I'm trying to fetch data from a remote server with JOIN clause which involves only remote tables, but it is very slow because the planner decides to fetch all data from two tables and merge it locally. When I add WHERE clause it fixes the problem and JOIN is executed fully on a remote server.

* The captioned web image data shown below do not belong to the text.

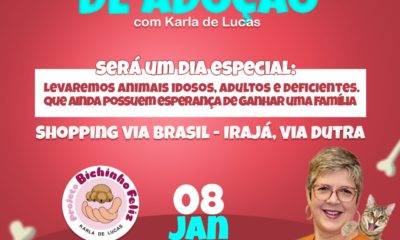 projeto bichinho feliz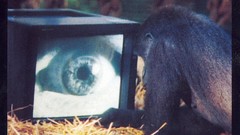 Album covers Roger waters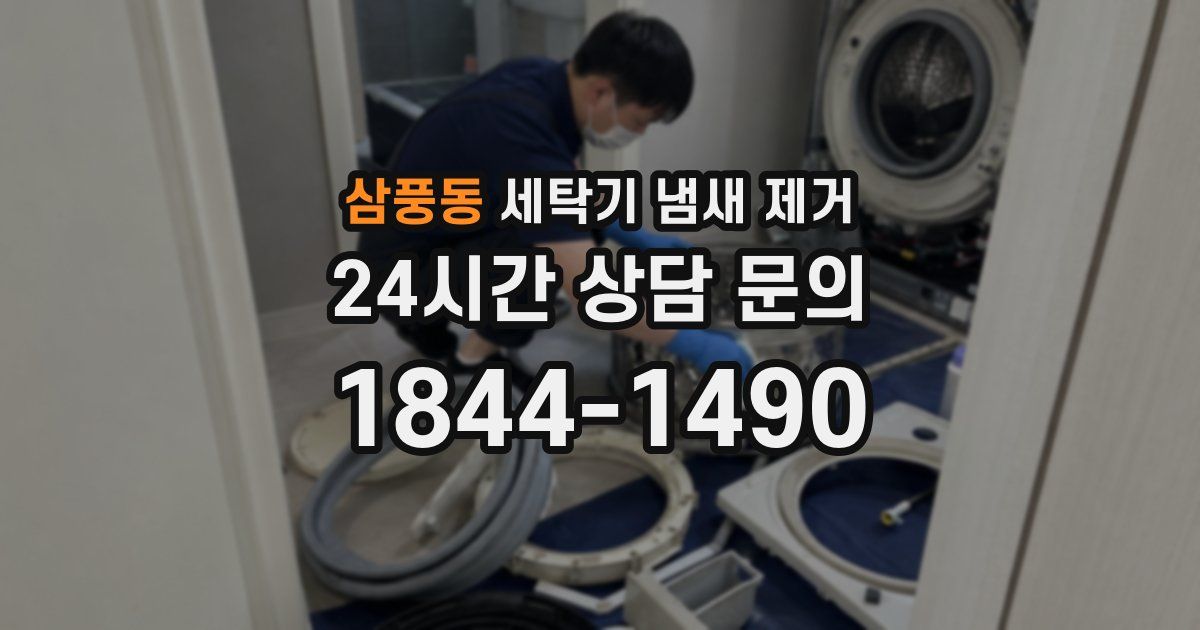 삼풍동 세탁기 냄새 제거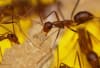 Yellow Crazy Ants spit formic acid to kill their prey and dominate agriculture and horticulture. They and biting swarms of Red Imported Fire Ants comprise a double-barrelled threat to Australia.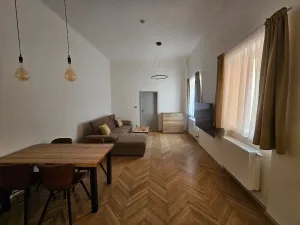 Pronájem bytu 2+kk, České Budějovice - České Budějovice 1, Dr. Stejskala, 60 m2
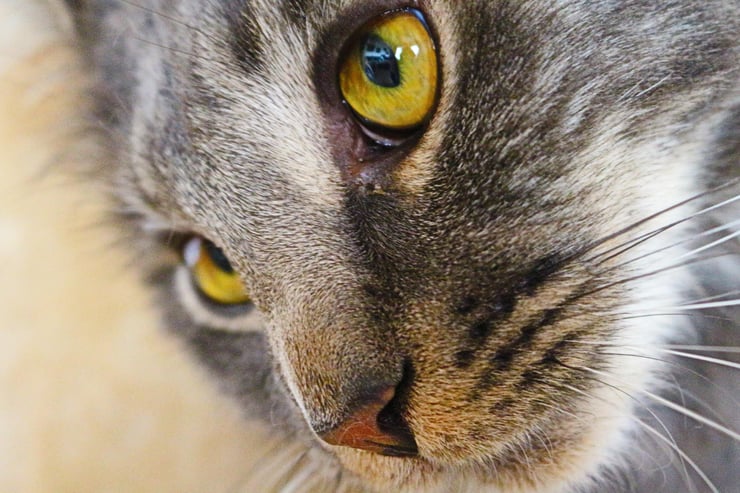 Comment les animaux perçoivent-ils le monde ? La vision expliquée simplement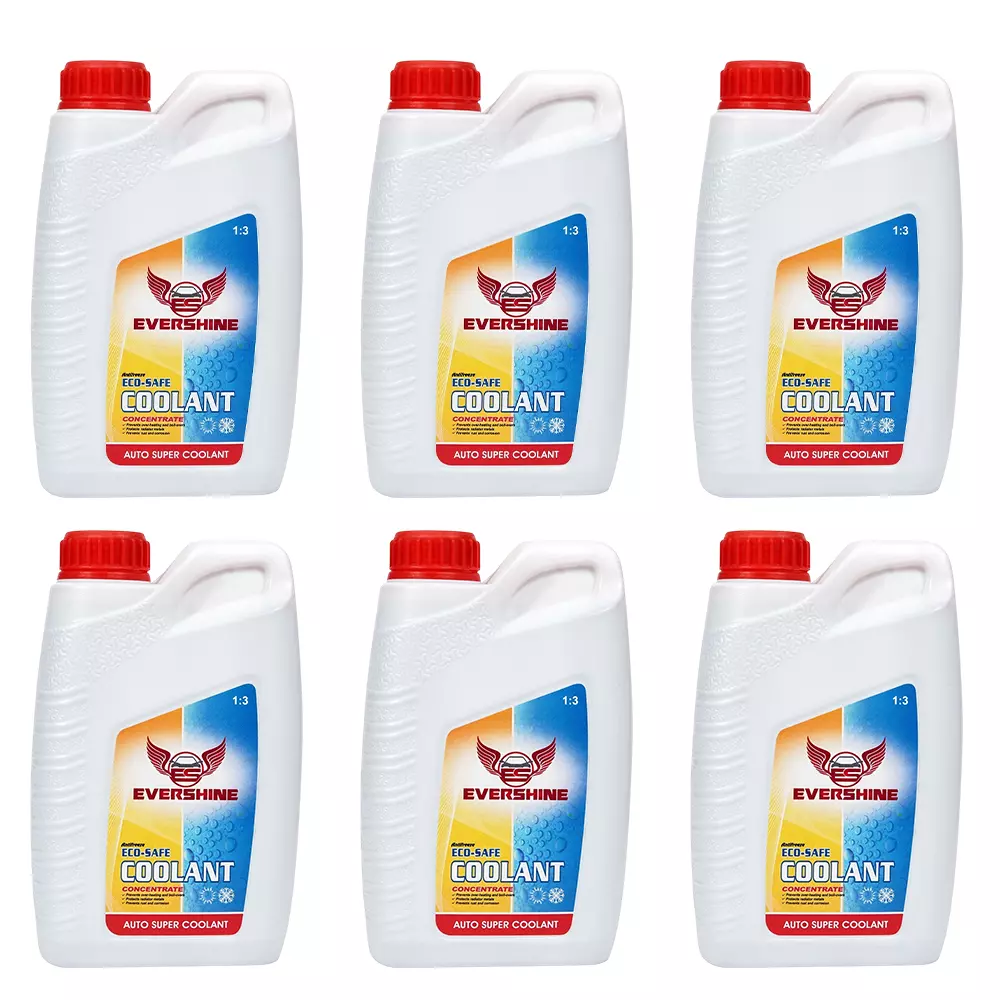Evershine Radiator Coolant 1 L Green Liquid, RC1003 (Pack of 6)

Problem is reproducible on small example:
-- remote server
create table test
(
id serial
constraint test_pk
primary key,
name text
);
create table test2
(
test_id int
constraint test2_test_id_fk
references test (id),
info text
);
SELECT Query:
SELECT "test".id FROM "test" JOIN "test2" ON "test"."id"="test2".test_id;
Output from EXPLAIN VERBOSE (on empty tables!):
Merge Join (cost=732.29..1388.59 rows=42778 width=4)
Output: test.id
Merge Cond: (test.id = test2.test_id)
-> Sort (cost=366.15..373.46 rows=2925 width=4)
Output: test.id
Sort Key: test.id
-> Foreign Scan on public.test (cost=100.00..197.75 rows=2925 width=4)
Output: test.id
Remote SQL: SELECT id FROM public.test
-> Sort (cost=366.15..373.46 rows=2925 width=4)
Output: test2.test_id
Sort Key: test2.test_id
-> Foreign Scan on public.test2 (cost=100.00..197.75 rows=2925 width=4)
Output: test2.test_id
Remote SQL: SELECT test_id FROM public.test2
After adding WHERE test.id=1
Foreign Scan (cost=100.00..198.75 rows=225 width=4)
Output: test.id
Relations: (public.test) INNER JOIN (public.test2)
Remote SQL: SELECT r1.id FROM (public.test r1 INNER JOIN public.test2 r2 ON (((r2.test_id = 1)) AND ((r1.id = 1))))
I'm using AWS RDS Postgres v10.18 on both sides.
What is going on? How to force execution on a remote server? I didn't find anything with that problem.
Thanks for any help.